**Data section**:
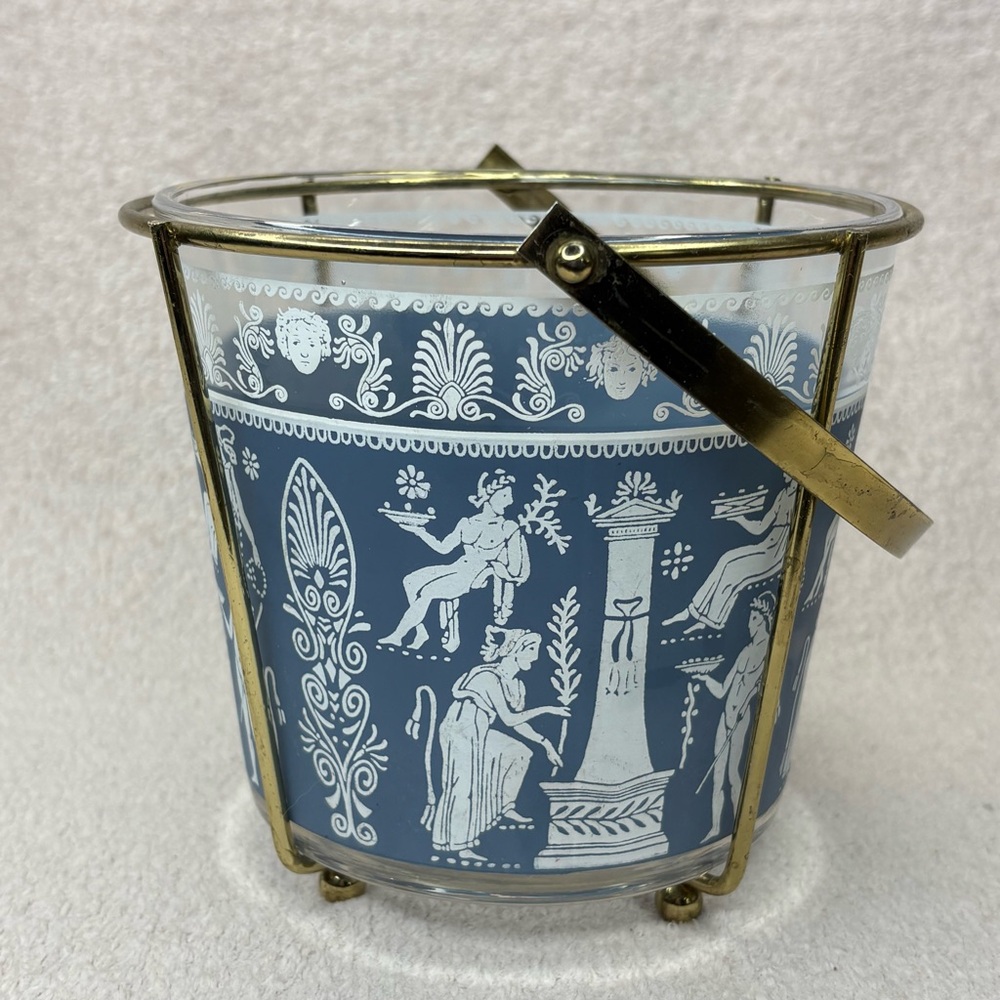 Vintage Jeanette Blue and White Wedgwood-Style Glass Ice Bucket with Brass Frame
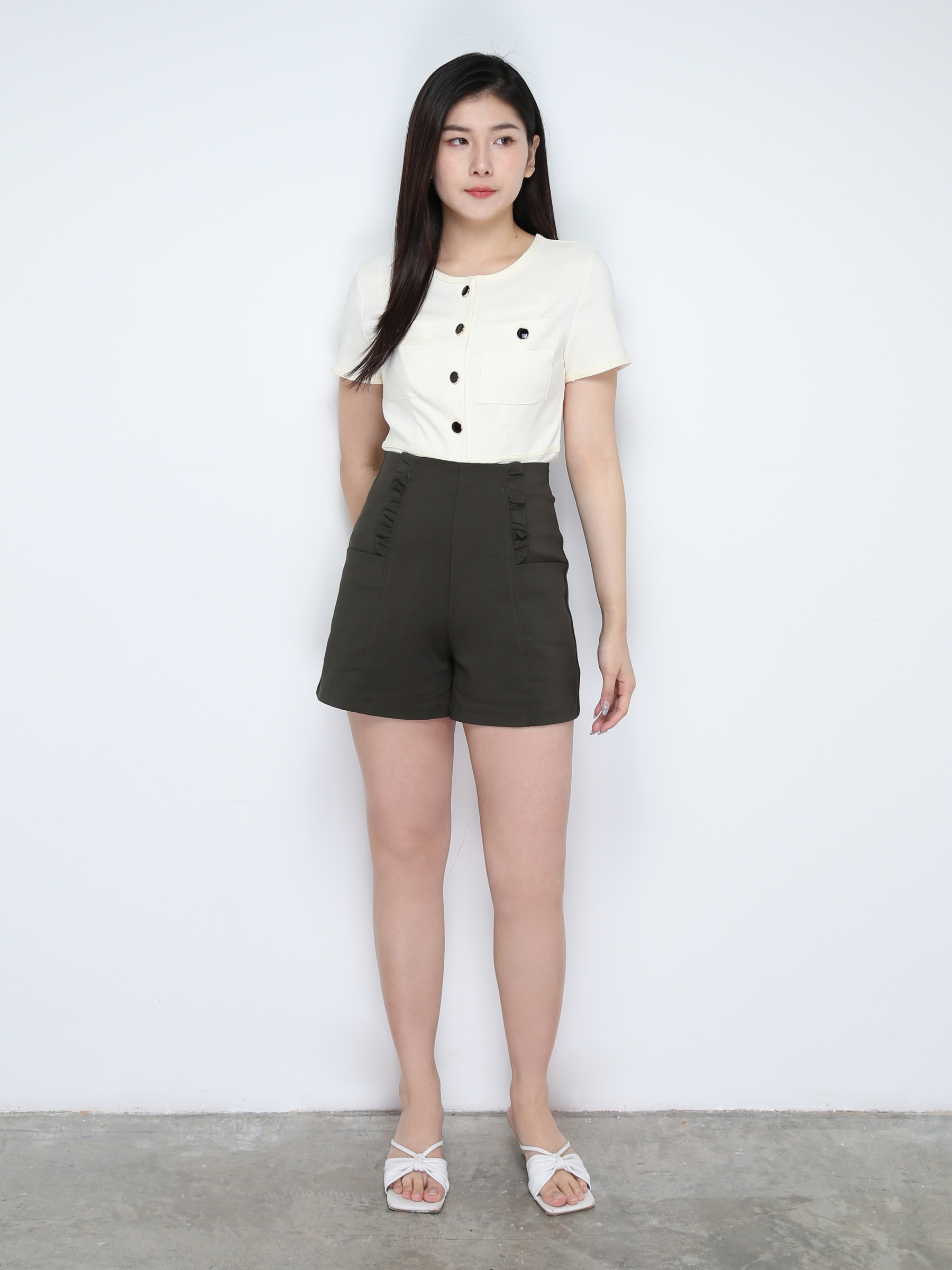 High Waist Ruffles Short Pants 28522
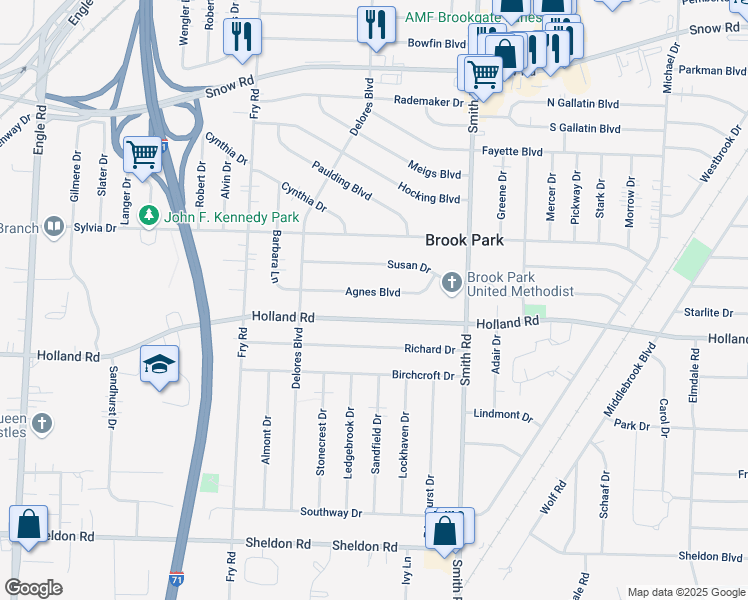 map of restaurants, bars, coffee shops, grocery stores, and more near 15720 Agnes Boulevard in Brook Park
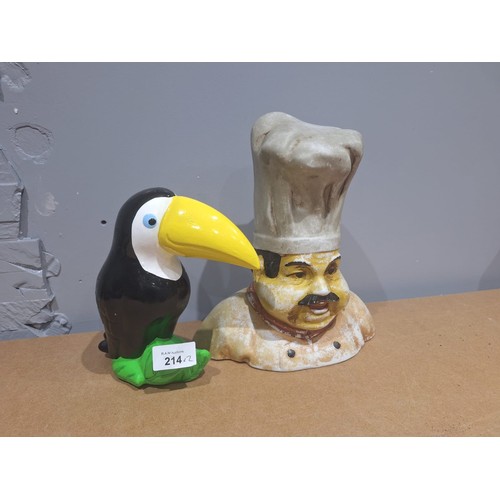 214 - Ceramic Chefs Head and a Ceramic Toucan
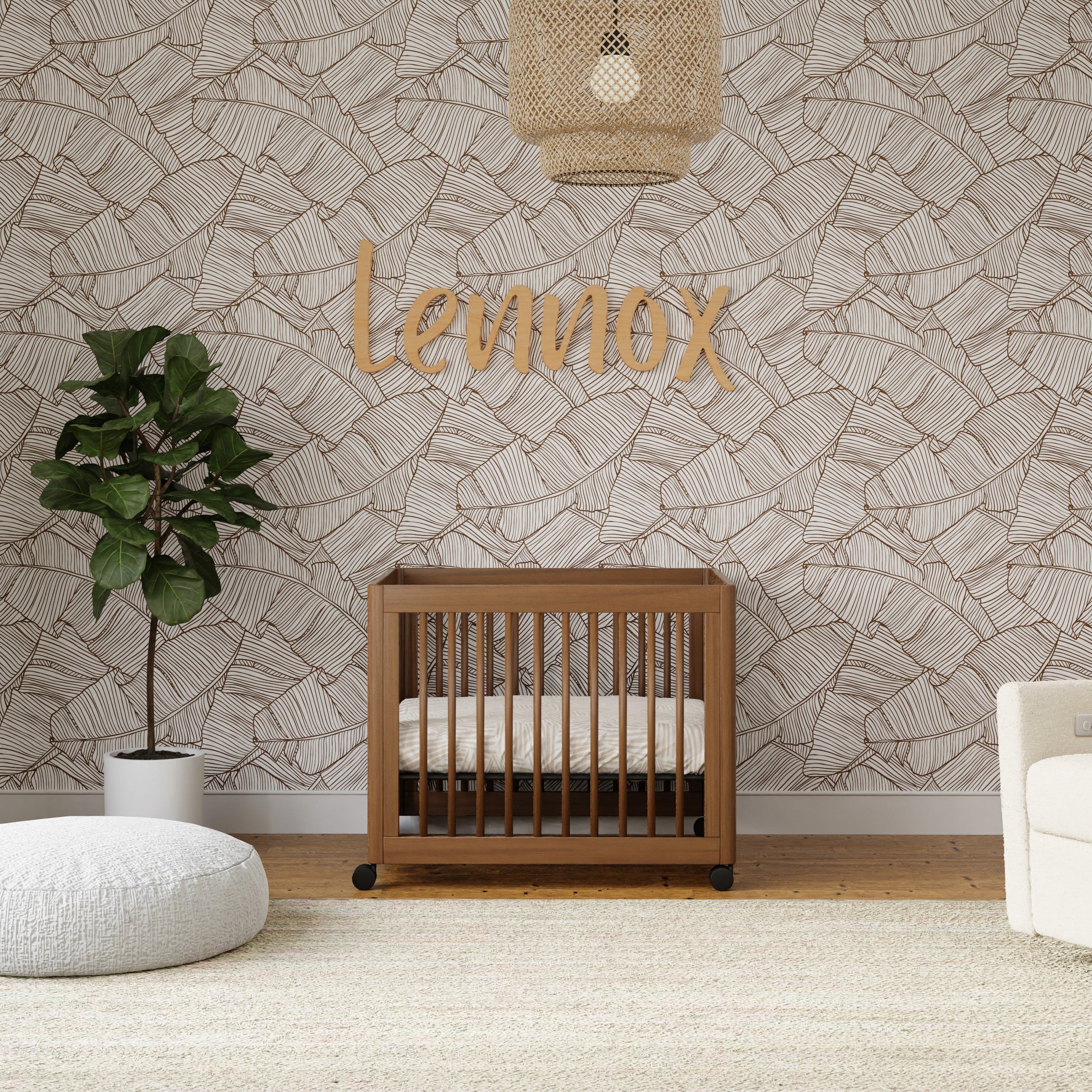 M23401NL,Yuzu 8-in-1 Convertible Crib w/All-Stages Conversion Kits in Natural Walnut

**Work to be completed**:
A word-for-word copy of the listing is needed, with no pictures in it.

**Answer section**:
 Vintage Jeanette Blue and White Wedgwood-Style Glass Ice Bucket with Brass Frame
 High Waist Ruffles Short Pants 28522
 map of restaurants, bars, coffee shops, grocery stores, and more near 15720 Agnes Boulevard in Brook Park
 214 - Ceramic Chefs Head and a Ceramic Toucan
 M23401NL,Yuzu 8-in-1 Convertible Crib w/All-Stages Conversion Kits in Natural Walnut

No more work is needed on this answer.